Within one week of the tornado, the city of Clayton reported that with the help of city crews and the generous support of nearly twenty neighboring municipalities, Clayton’s intensive debris removal operation was ahead of schedule.
“We are so fortunate to have partnerships with other county municipalities to help each other,” says Patel. “I wonder what we can do as a region to ensure that others have the same quality of experience, expertise, and response.”
One month after the tornado, Crawford’s house continued to deteriorate. Workers from the Federal Emergency Management Agency (FEMA) did not arrive in St. Louis until four weeks after the tornado. They conducted a two-hour assessment of the damage, and then said it would be at least twenty days before they followed up. Crawford says that the house is still without electricity; the electric company refuses to fix the damage done to her electric box, and she cannot afford the $6,500 repair cost.
In the aftermath of the tornado, dozens of North St. Louis residents slept in tents outside of their crumbled homes for more than a month. City officials estimate that 10,000 buildings were damaged by the tornado. Federal aid through FEMA was activated by the White House on June 9, and capped at $42,500 per home for assistance.
The Army Corp of Engineers also arrived in St. Louis a month after the tornado to “craft a cleanup plan for post-tornado debris still littering the North side.” That same day, Missouri governor Mike Kehoe signed a bill to allocate $125 million for recovery aid in St. Louis—as well as a bill to approve $1.5 billion of incentives intended to keep the Kansas City Chiefs in Missouri. St. Louis City officials estimate the costs of the tornado damage at $1.5 billion.

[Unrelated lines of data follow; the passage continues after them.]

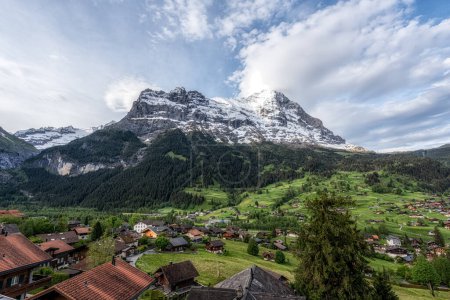 Eiger Mountain viewed from Grindelwald during sunrise hours. Famous landmark in Grindelwald, Switzerland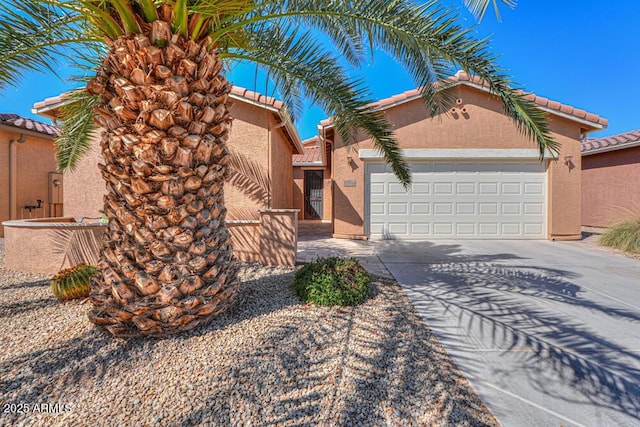 view of front of house featuring stucco siding, a garage, driveway, and a tiled roof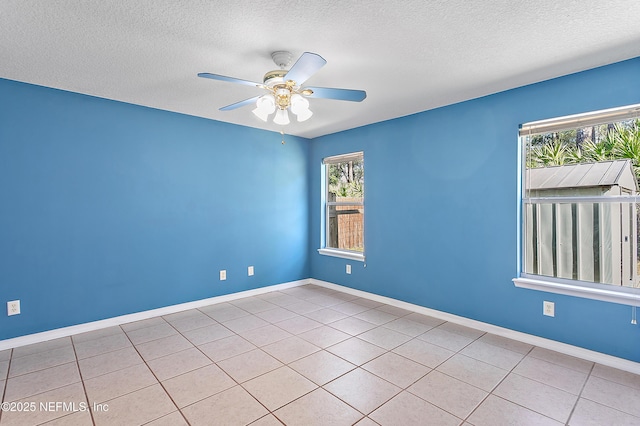 tiled spare room with a textured ceiling and ceiling fan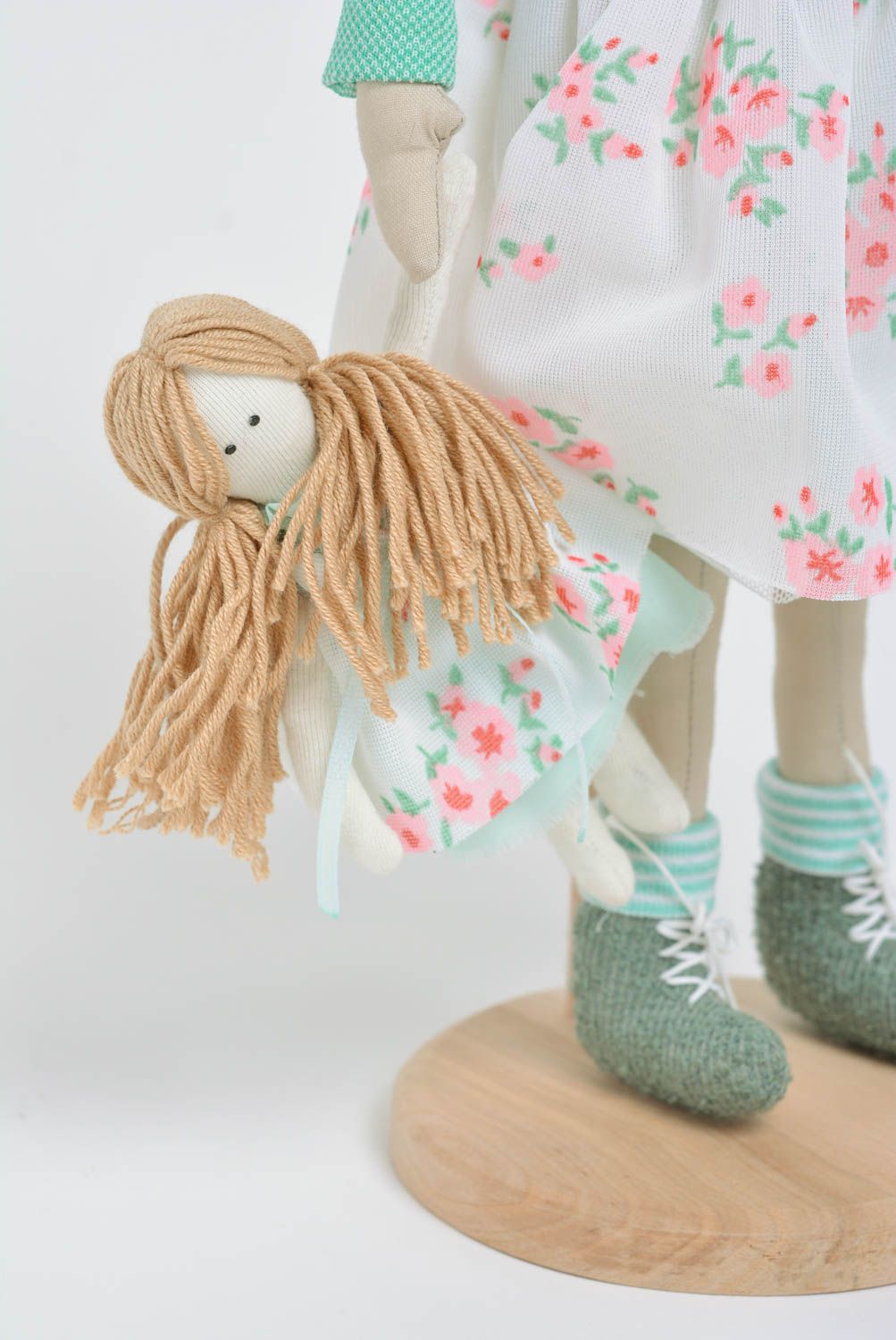 Handmade designer fabric soft doll girl in mint jacket with little soft toy photo 5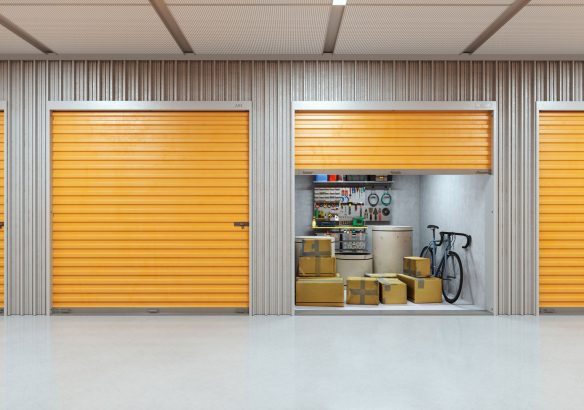 Self-Storage Facility Interior with Tools An organized self-storage facility featuring orange storage doors.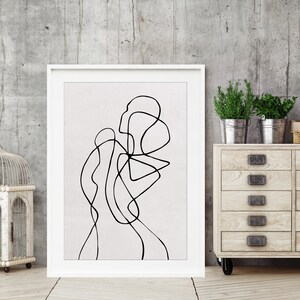 May include: A black and white abstract line drawing in a white frame on a gray concrete wall. The drawing is of a person's body.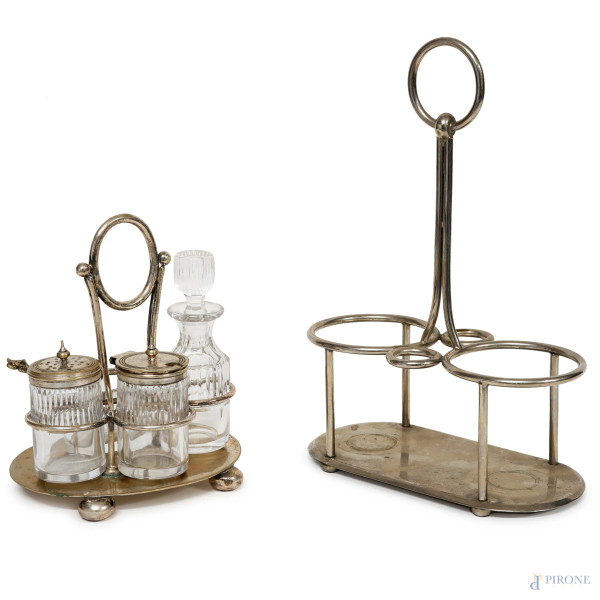 Due oliere in metallo argentato con ampolle e vaschette in vetro, manifatture diverse, altezza max cm 25, (difetti e mancanze)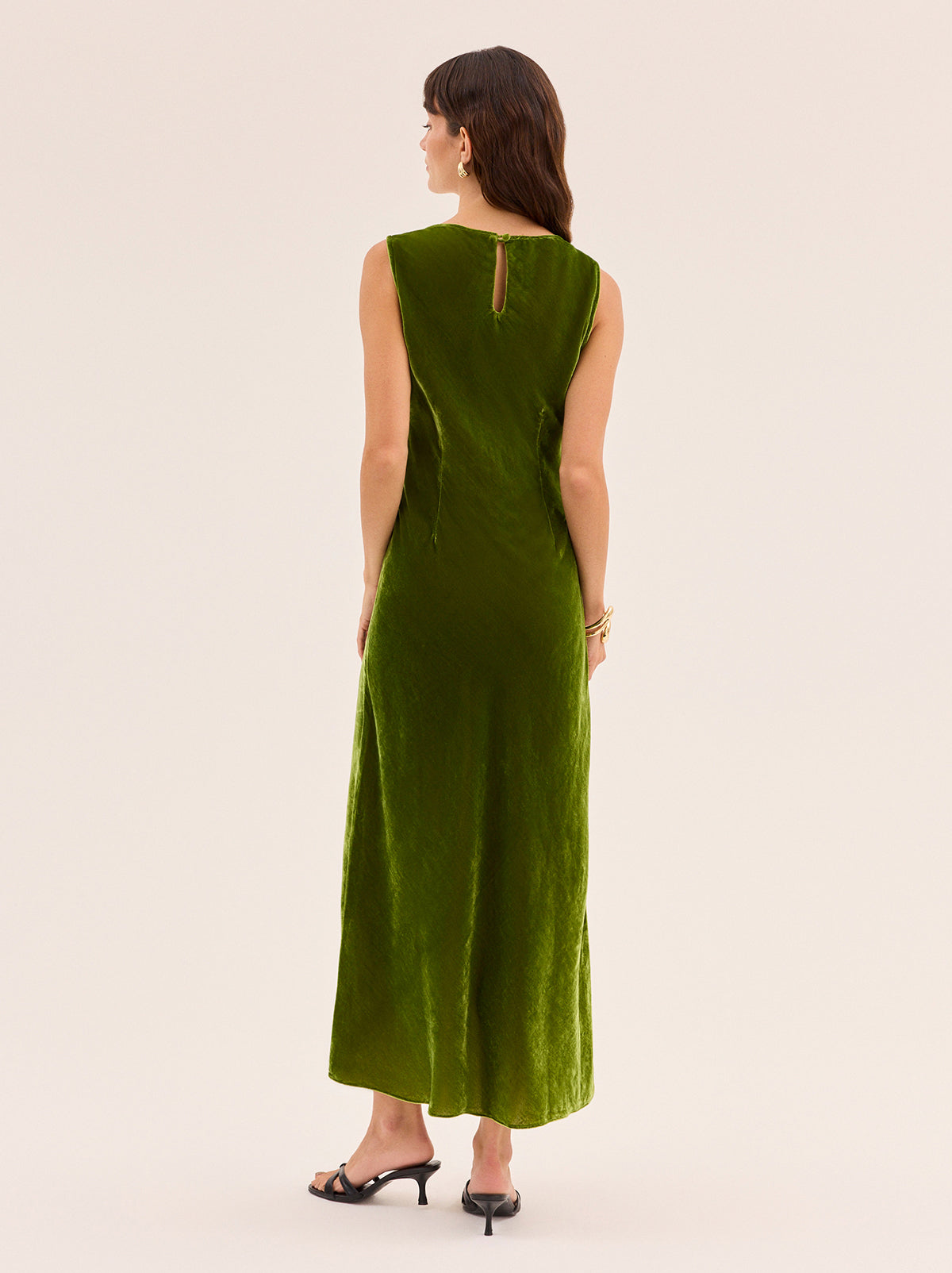 Elise Olive Velvet Dress by Kitri Studio. Cut on the bias for a flattering, fluid drape, the Elise in olive green viscose velvet is '90s-inspired dream dress.  The minimalist silhouette with the scoop neckline and clean lines make it an easy, versatile choice for day-to-night dressing. Scoop neck. Sleeveless. Concealed side-zip. 80% Viscose, 20% Nylon.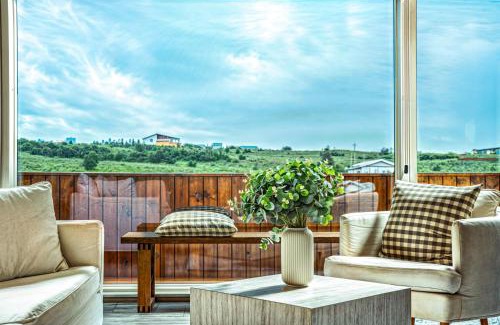 Selfoss House | Experience Venture Vacations: Log Home with Hot Tub Retreat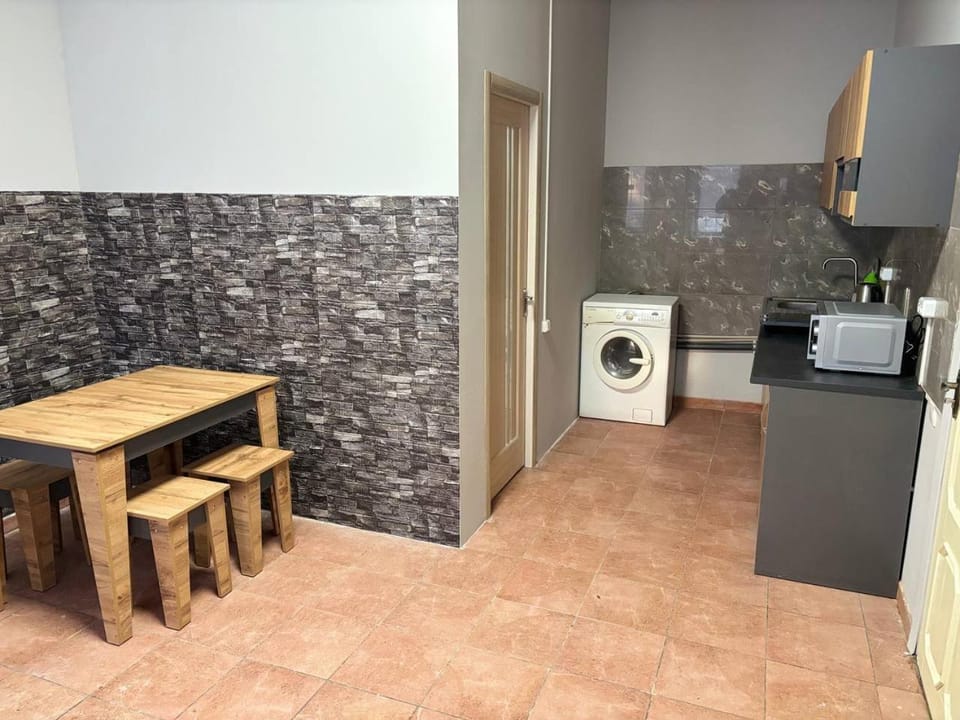 Kitchen or kitchenette, stove, washing machine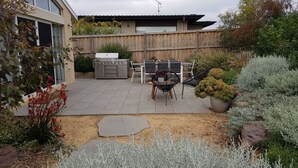 Une terrasse avec un barbecue, des chaises et un pot de fleurs.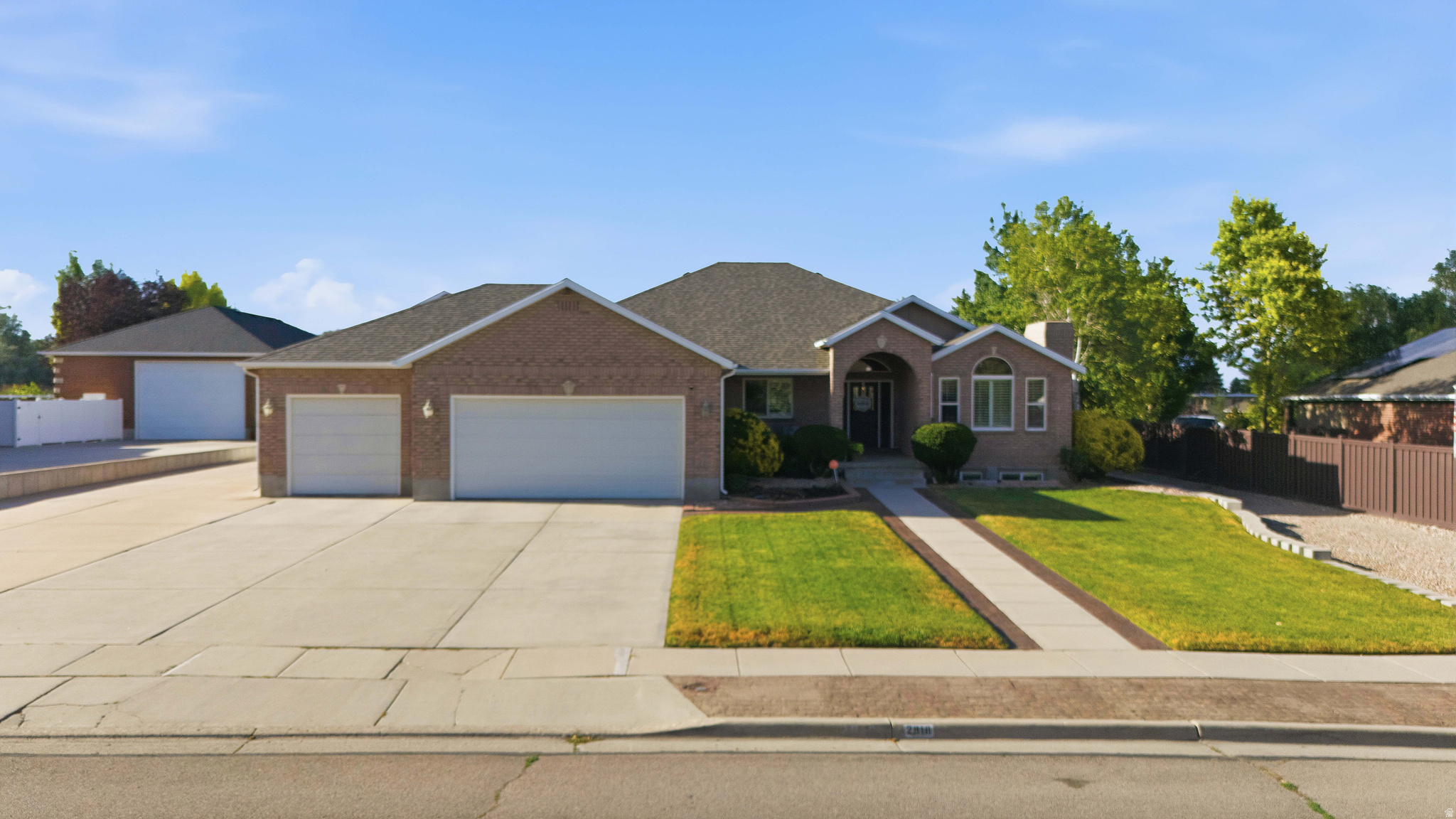 Brick exterior residence featuring a two-car garage, an additional detached garage with extended driveway, a landscaped front yard with mature trees, and a concrete pathway leading to the main entrance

“I hope people that need help are not neglected,” says Hamilton. “I think there is a greater interest across the political spectrum to work together to help people get their livelihoods back. When disaster strikes, it doesn’t matter who you are, people work together. Local community is really what it takes to get back.”
Six weeks after the tornado, Patel and Hamilton have each returned to their homes. As of now, Crawford is living with her daughter in her one-bedroom apartment, waiting to hear about the possibility of government or private aid; her brother is living with other relatives, and her son is staying at a hotel. The tornado hit their three neighborhoods, which are within just six miles of each other, in the span of ten minutes. Two of those neighborhoods are on the road to a full recovery, while residents of the North side are still waiting for answers.